Isolation failed first, Consistency failed as a result.

The specific isolation failure is a lost update:

T1: read stock = 1
T2: read stock = 1
T1: write stock = 1 - 1 = 0  ← T1's update
T2: write stock = 1 - 1 = 0  ← T2 overwrites T1, T1's update is LOST

T2 read the value before T1 wrote it, then overwrote T1's result. T1's decrement is silently gone. Both transactions thought stock was available — both committed successfully.

Why it's a lost update, not a dirty read

T2 didn't read T1's uncommitted data — it read the original committed value. But it based its write on a stale read, and its write overwrote T1's result. That's a lost update: two transactions read the same value, both compute a new value from it, the second write silently wipes the first.
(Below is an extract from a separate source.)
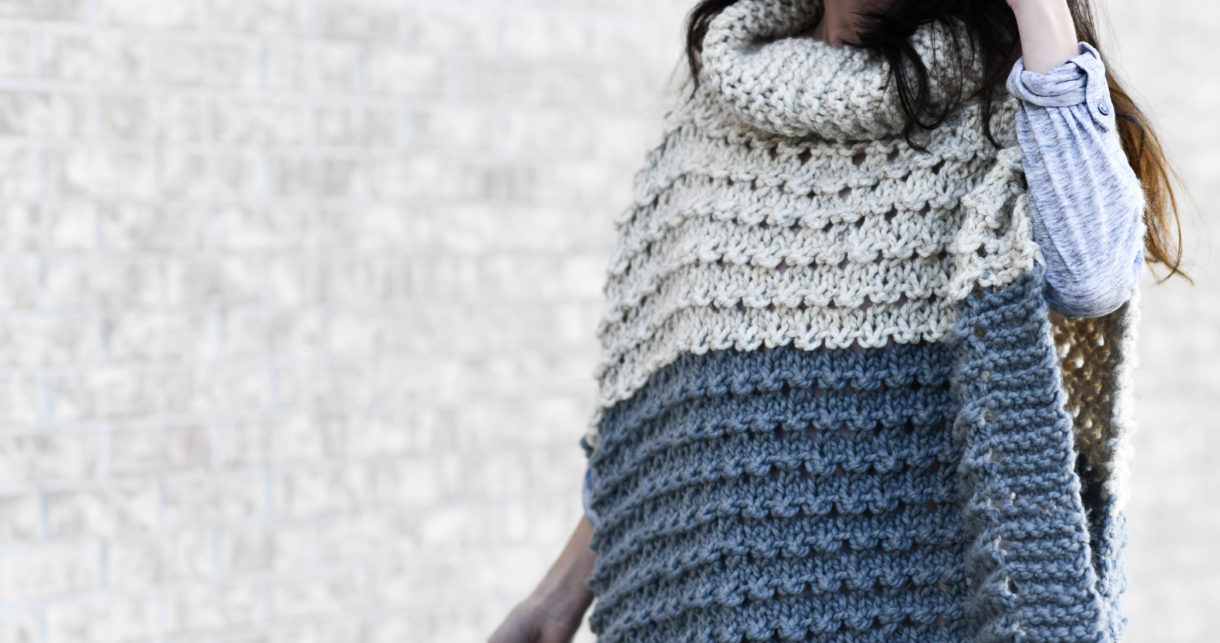knit poncho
Consistency then fails as a consequence:

Both orders committed → stock = -1
→ database now in invalid state (negative stock violates constraint)

The fix:

Pessimistic locking  → SELECT FOR UPDATE locks the row
                       T2 waits for T1 to finish before reading

Optimistic locking   → store a version number on the row
                       T2 checks version before writing — if changed, retry

Interview framing

"Isolation failed — specifically a lost update. Both transactions read stock=1 simultaneously, both decided to proceed, T2's write overwrote T1's. Consistency then broke as a consequence — stock went to -1. Fix with pessimistic locking (SELECT FOR UPDATE) or optimistic locking with version numbers."

A junior engineer says "we can turn off fsync to make writes 3x faster — we have replication anyway, so if this server dies we just failover to the replica." Is he right?

Answer

Wrong — replication does not save you when fsync is off.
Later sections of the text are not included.